=== Dataset entries ===
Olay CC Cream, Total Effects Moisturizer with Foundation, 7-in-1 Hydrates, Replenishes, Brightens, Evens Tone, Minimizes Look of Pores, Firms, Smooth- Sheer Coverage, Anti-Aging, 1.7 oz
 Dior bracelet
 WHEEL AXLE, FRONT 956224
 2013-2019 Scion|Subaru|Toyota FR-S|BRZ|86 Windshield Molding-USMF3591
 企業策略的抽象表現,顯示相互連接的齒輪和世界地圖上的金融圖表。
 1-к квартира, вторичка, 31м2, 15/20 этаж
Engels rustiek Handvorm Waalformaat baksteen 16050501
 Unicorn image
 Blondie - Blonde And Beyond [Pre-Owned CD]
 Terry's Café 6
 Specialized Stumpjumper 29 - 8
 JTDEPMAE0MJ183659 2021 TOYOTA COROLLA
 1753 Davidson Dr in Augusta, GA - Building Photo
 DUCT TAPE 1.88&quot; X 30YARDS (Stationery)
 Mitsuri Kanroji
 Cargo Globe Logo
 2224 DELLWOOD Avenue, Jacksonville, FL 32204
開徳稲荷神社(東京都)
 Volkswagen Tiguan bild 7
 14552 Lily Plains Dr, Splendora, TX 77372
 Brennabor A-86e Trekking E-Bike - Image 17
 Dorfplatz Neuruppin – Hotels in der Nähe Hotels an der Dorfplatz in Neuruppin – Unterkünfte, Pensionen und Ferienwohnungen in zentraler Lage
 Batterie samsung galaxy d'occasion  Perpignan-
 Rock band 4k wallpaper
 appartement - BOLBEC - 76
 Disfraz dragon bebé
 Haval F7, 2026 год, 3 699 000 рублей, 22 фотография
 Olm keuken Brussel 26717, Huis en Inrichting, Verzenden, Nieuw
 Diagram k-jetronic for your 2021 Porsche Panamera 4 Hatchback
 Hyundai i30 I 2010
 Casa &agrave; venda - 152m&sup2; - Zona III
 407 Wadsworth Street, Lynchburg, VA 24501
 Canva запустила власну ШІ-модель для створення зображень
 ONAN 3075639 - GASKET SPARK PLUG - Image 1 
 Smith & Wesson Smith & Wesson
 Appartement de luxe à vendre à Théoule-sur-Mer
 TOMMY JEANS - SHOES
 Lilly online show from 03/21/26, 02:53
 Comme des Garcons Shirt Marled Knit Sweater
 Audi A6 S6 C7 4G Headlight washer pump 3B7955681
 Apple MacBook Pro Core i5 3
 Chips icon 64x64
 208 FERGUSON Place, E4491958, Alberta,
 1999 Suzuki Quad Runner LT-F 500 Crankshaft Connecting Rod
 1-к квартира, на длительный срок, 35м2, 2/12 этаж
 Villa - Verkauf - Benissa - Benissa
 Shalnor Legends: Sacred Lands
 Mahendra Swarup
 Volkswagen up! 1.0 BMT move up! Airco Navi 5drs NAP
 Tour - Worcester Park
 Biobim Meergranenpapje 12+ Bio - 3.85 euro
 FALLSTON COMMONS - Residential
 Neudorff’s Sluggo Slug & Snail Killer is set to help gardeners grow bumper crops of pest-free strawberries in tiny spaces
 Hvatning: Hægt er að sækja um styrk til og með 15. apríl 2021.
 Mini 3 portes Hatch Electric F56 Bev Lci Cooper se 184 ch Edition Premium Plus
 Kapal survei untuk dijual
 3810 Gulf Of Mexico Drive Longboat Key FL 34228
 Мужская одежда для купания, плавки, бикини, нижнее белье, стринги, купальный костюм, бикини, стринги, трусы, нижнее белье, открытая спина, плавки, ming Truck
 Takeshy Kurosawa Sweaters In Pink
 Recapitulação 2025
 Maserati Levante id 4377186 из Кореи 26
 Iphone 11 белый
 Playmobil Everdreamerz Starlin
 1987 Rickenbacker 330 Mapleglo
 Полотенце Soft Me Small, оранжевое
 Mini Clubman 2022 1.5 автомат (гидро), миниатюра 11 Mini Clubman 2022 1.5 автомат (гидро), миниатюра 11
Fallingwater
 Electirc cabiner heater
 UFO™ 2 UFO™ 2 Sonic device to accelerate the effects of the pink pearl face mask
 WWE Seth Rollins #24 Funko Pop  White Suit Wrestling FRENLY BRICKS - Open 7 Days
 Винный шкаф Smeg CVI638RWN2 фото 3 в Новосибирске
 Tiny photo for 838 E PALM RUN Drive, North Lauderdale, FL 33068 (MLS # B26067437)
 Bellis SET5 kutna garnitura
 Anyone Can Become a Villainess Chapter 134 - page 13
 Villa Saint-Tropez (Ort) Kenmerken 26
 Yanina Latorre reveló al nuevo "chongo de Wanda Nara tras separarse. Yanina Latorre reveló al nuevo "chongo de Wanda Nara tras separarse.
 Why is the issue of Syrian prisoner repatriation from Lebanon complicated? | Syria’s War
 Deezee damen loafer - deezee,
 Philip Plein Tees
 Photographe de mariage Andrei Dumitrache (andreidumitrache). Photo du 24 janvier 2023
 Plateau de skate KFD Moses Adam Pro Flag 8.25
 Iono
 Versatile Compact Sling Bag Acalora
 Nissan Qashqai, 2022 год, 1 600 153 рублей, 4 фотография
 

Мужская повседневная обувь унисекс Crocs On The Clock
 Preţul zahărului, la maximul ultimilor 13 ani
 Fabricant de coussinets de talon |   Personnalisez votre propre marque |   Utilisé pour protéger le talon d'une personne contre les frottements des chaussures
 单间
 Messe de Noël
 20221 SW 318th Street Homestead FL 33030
===
= What is expected =
Retype, exactly and in full, the lines above from the one containing "Specialized Stumpjumper 29 - 8" through the one containing "Audi A6 S6 C7".

= Solution to this exercise =
 Specialized Stumpjumper 29 - 8
 JTDEPMAE0MJ183659 2021 TOYOTA COROLLA
 1753 Davidson Dr in Augusta, GA - Building Photo
 DUCT TAPE 1.88&quot; X 30YARDS (Stationery)
 Mitsuri Kanroji
 Cargo Globe Logo
 2224 DELLWOOD Avenue, Jacksonville, FL 32204
開徳稲荷神社(東京都)
 Volkswagen Tiguan bild 7
 14552 Lily Plains Dr, Splendora, TX 77372
 Brennabor A-86e Trekking E-Bike - Image 17
 Dorfplatz Neuruppin – Hotels in der Nähe Hotels an der Dorfplatz in Neuruppin – Unterkünfte, Pensionen und Ferienwohnungen in zentraler Lage
 Batterie samsung galaxy d'occasion  Perpignan-
 Rock band 4k wallpaper
 appartement - BOLBEC - 76
 Disfraz dragon bebé
 Haval F7, 2026 год, 3 699 000 рублей, 22 фотография
 Olm keuken Brussel 26717, Huis en Inrichting, Verzenden, Nieuw
 Diagram k-jetronic for your 2021 Porsche Panamera 4 Hatchback
 Hyundai i30 I 2010
 Casa &agrave; venda - 152m&sup2; - Zona III
 407 Wadsworth Street, Lynchburg, VA 24501
 Canva запустила власну ШІ-модель для створення зображень
 ONAN 3075639 - GASKET SPARK PLUG - Image 1 
 Smith & Wesson Smith & Wesson
 Appartement de luxe à vendre à Théoule-sur-Mer
 TOMMY JEANS - SHOES
 Lilly online show from 03/21/26, 02:53
 Comme des Garcons Shirt Marled Knit Sweater
 Audi A6 S6 C7 4G Headlight washer pump 3B7955681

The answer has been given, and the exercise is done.